***** RECORDED INFORMATION

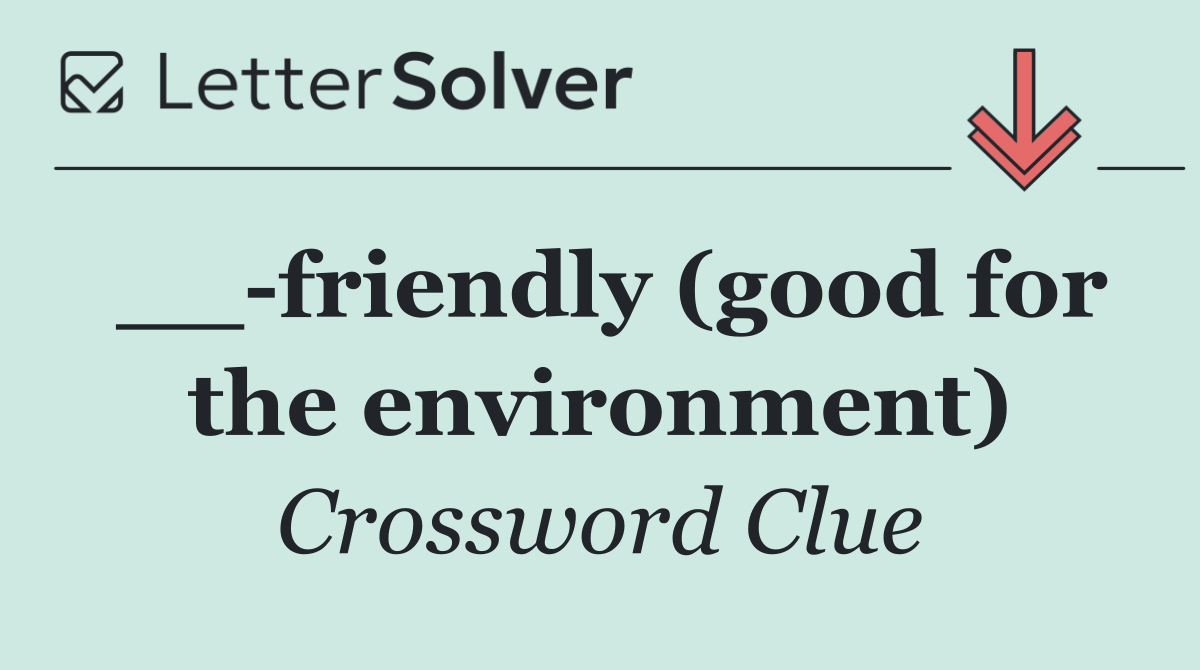 __ friendly (good for the environment)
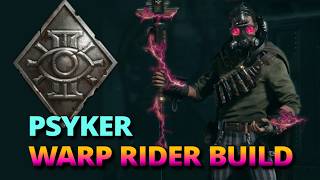 Darktide Psyker Warp Rider Build [upl. by Atkins]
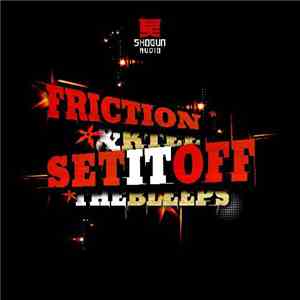 Friction & Ktee - Set It Off / The Bleeps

**********

PROBLEM STATEMENT: Give the listing again exactly, minus its images.

ANSWER TO THE EXERCISE:
 __ friendly (good for the environment)
 Darktide Psyker Warp Rider Build [upl. by Atkins]
 Friction & Ktee - Set It Off / The Bleeps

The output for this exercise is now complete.